Data section:
····················

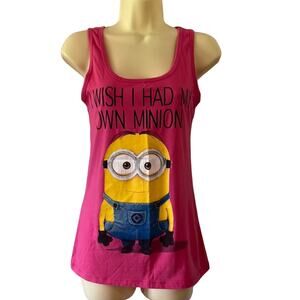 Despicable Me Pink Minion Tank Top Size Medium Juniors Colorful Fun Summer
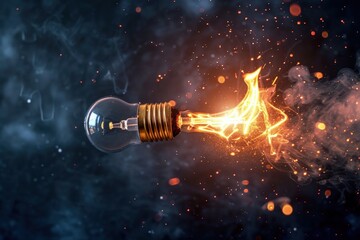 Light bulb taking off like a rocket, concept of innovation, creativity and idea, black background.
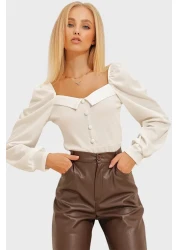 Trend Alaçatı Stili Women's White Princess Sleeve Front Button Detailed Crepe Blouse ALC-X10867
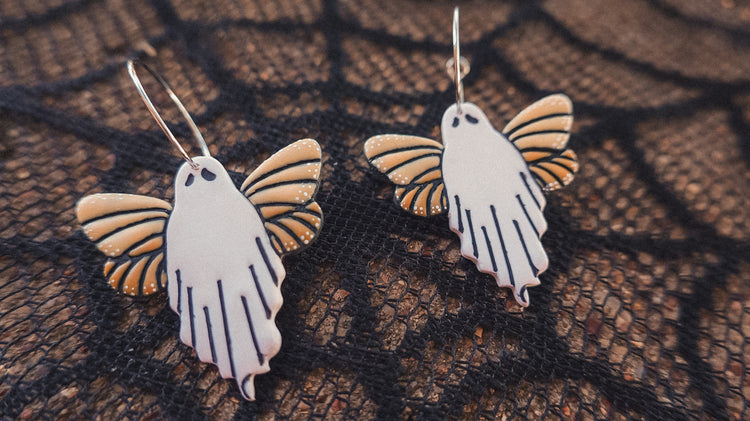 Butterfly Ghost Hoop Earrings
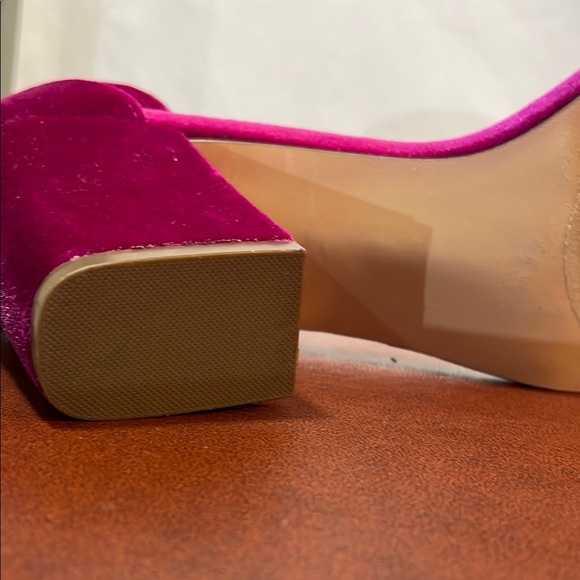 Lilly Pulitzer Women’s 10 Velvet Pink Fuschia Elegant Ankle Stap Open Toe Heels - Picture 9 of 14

····················

Task objective:
Precisely the lines from the one containing "Light bulb taking" to the end of the data above, both included, should be printed; leave the pictures out.

Your solution:
 Light bulb taking off like a rocket, concept of innovation, creativity and idea, black background.
 Trend Alaçatı Stili Women's White Princess Sleeve Front Button Detailed Crepe Blouse ALC-X10867
 Butterfly Ghost Hoop Earrings
 Lilly Pulitzer Women’s 10 Velvet Pink Fuschia Elegant Ankle Stap Open Toe Heels - Picture 9 of 14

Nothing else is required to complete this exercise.